HMH Tube fly Adaptor. I use this baby to hold some of my tube mandrels but more often use it to secure my OPST Intruder Shanks, because it holds the shank just like it holds a tube mandrel.
C & F Rotary Hackle Pliers: Spendy compared to many hackle pliers but these are the BEST I have ever used. EVER. I’m generally ambivalent about hackle pliers and have used dozens of models over the year. These are amazing and I’ve used them for small soft hackles and fat Marabou quill stems with infallible success.
Nor Vise Automatic Bobbin: Been tying flies for more than fifty years now, and used this spring loaded clutch bobbin for over a decade. My friend Lou V. talked me into trying one, and after a week of practice, iILOVE these bobbins. Norm uses these even on his size #24 flies, but I prefer to stick in the #16 and larger hook size range with these bobbins. So I keep my standard bobbins around for occasional use, but seriously, these bobbins are so good that you are missing out if you fail to give one an honest try.

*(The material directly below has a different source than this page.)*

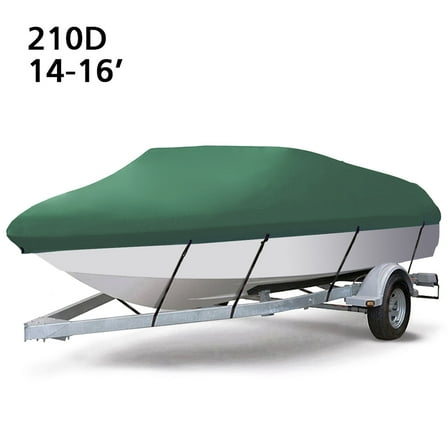 NNYYS Heavy Duty Oxford Ployester Made Trailerable Boat Cover,Fits V-Hull,Tri-Hull, Runabout Boat Cover Outdoor Protection,14-16ft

Petitjean Long Loop Trim Scissors: Perfection. Specialization. If you spin fox or possum in dubbing loops you deserve to have these scissors, and they are better than any other scissor i have tried for trimming any dubbing that is loosely clamped into a loop before spinning. Not for general purpose use, but when you want to make straight cuts with precision and absolute perfection, these scissors are unbeatable. Every time I use mine I appreciate how sharp and well designed they are – just one more example of “Sir Petitjean’s” ingenuity and expertise.
Stonfo Elite Rotodubbing Twister. Another case of discovering a new version of a tool I’ve used for years without thinking but all of a sudden – POW – here comes a new to me tool that performs so well that I’m like – whoa dude, this is amazing! In short, I love this dubbing tool. The way it works, by holding the handle tight and then spinning the rotational “thingy” with your other hand gives one better control, or at least it seems so to me. And when the dubbing is spun nice and tight, you can tilt the head of the Twister to an angle so that winding around the shank or tube can be accomplished more precisely. I was neutral when I picked up this tool and began using it. Now it my number one dubbing twister tool.
Pro Sportfisher (large) Flexineedle. This is so simple that I take it for granted too often. The Flexineedle is easily secured in most vise heads, and sometimes i even insert it into my HMH Tube fly Adaptor. The Flexineedle holds the Pro Sportfisher 40/40 tube, the Nanotube, and Microtube. The Flexineedle also holds the HMH small Poly Tubes.
Dr Slick Stainless Steel Whip Finisher. This is a surprise to me, because I tie my whip finisher by hand instead of using a tool Here’s the deal – I use this as a dubbing pick. Saw Scott Howell doing it not long ago and decided to try it. the fine curved point of this tool and the way it nests in my hand have combined to make this my favorite dubbing picker tool. You may have your other bodkins and picks at hand like I do, but I find myself reaching for this tool to fuzz up my dubbing every time. Give this a chance and see what you think.
That’s it for now, hope these ideas stimulate your own quest for the best tools that suit your individual tying style.